As you can see, you really have to thread the needle with this one. Your best bet is to get a letter from your employer stating that your education met either set of requirements without violating anything that would disqualify you. You may also want to consult with a tax professional because taking a large deduction that you don’t qualify for can mean that much bigger of a penalty.
Finally, if you do manage to jump through all the hoops, it’s an itemized deduction that can only be deducted from your income to the extent that it (plus some other job expenses and other miscellaneous deductions) exceeds 2% of your adjusted gross income (AGI). For example, if your AGI is $100k, you can only deduct expenses over the first 2% of $100k, or $2k. Given the size of today’s tuition bills, this shouldn’t be too much of a problem for many people though.
The American Opportunity Credit
Since it’s a credit, you can deduct this one right off your taxes up to $2,500 (100% of the first $2k of eligible expenses and 25% of the next $2k) per student (you, your spouse or a dependent) for up to 4 years of undergraduate tuition and required fees and materials, including books. However, the amount of the credit begins to phase out once your modified AGI goes above $80k or $160k for a joint return. On the other hand, 40% of it is refundable for people who don’t earn enough to owe income taxes.
The Lifetime Learning Credit
This credit is similar to the American Opportunity Credit but it’s a little smaller—up to $2k—and that amount also begins to phase out when MAGI exceeds $80k or $160k for a couple. It’s also nonrefundable. However, it’s more flexible since it’s not limited to undergraduate education and thus can be used for graduate programs or just a few courses. Both credits can’t be taken for the same student in the same year though.
No Double Dipping
It’s important to point out that you can’t use any of these tax breaks for expenses that have already been covered by another one of these tax breaks, a tax-free account like a 529 plan or Coverdell account, or other forms of tax-free educational assistance like Pell grants and veterans’ programs. In other words, there’s no double dipping allowed. (This restriction doesn’t apply to funding sources that are generally tax-free like loans or inheritances and gifts.) The trick here is to withdraw from 529 and Coverdell accounts no more than the amount of qualified expenses that aren’t covered by one of these tax breaks.

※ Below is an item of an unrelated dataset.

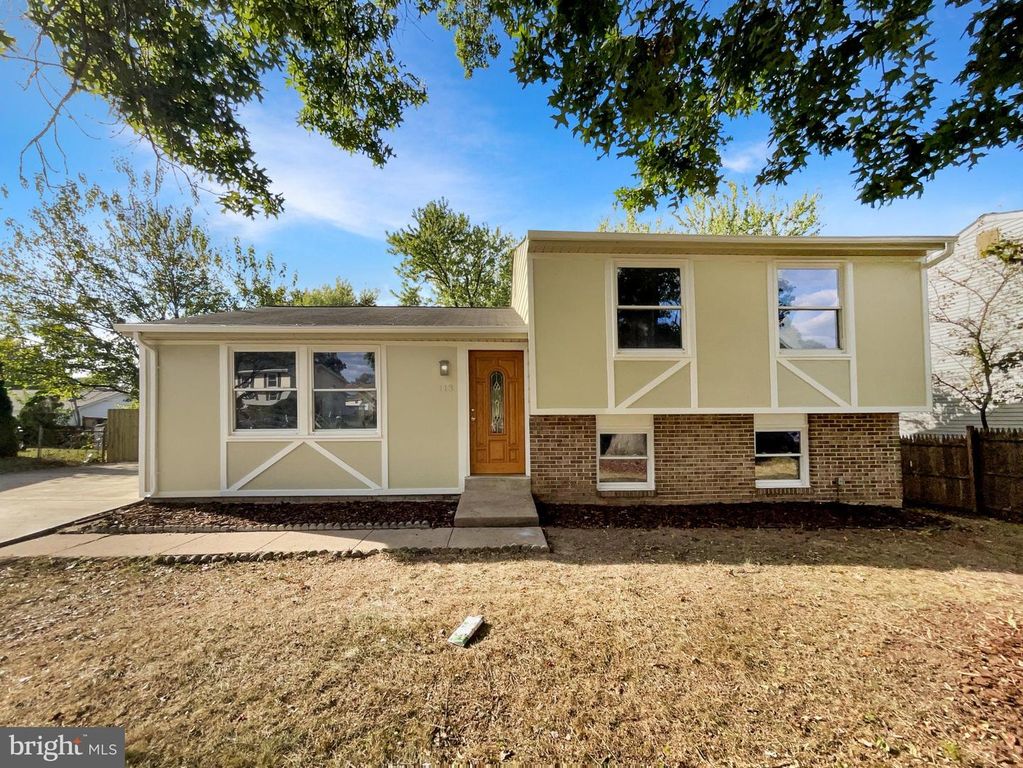 113 N HARRISON RD, Sterling, VA 20164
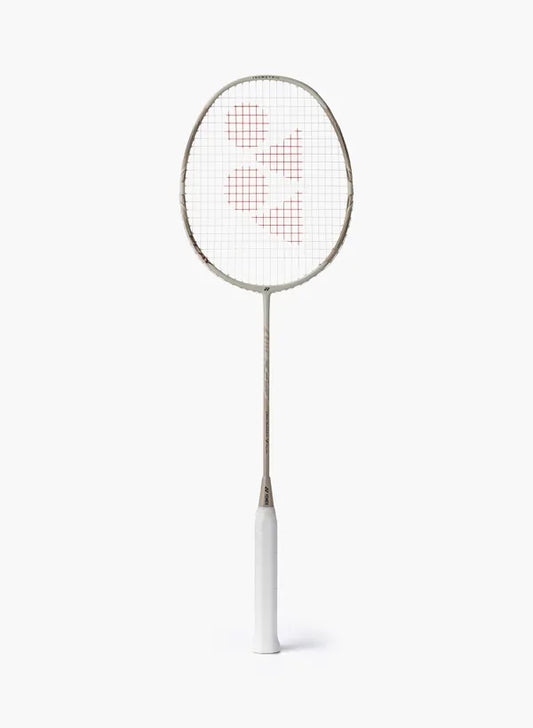 YONEX ARCSABER 7 PLAY LIGHT BEIGE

Student Loan Interest Deduction
The tax benefits don’t necessarily stop with the tuition bills. If you’re not a dependent on someone’s tax return and are within the MAGI limits, you can deduct (without having to itemize) up to $2,500 of interest each year on student loans that you’re legally obligated to pay. That last part means you can’t deduct interest for loans in your children’s name even if you make the payments.
Education is expensive and costs are rising faster than inflation. The good news is that we can offset some of that cost by reducing our taxes. The bad news is that these breaks can be complex so unless you have a good tax preparer, you’ll have to take some time to understand them and that can be an education in itself. Why isn’t there a special tax break for that?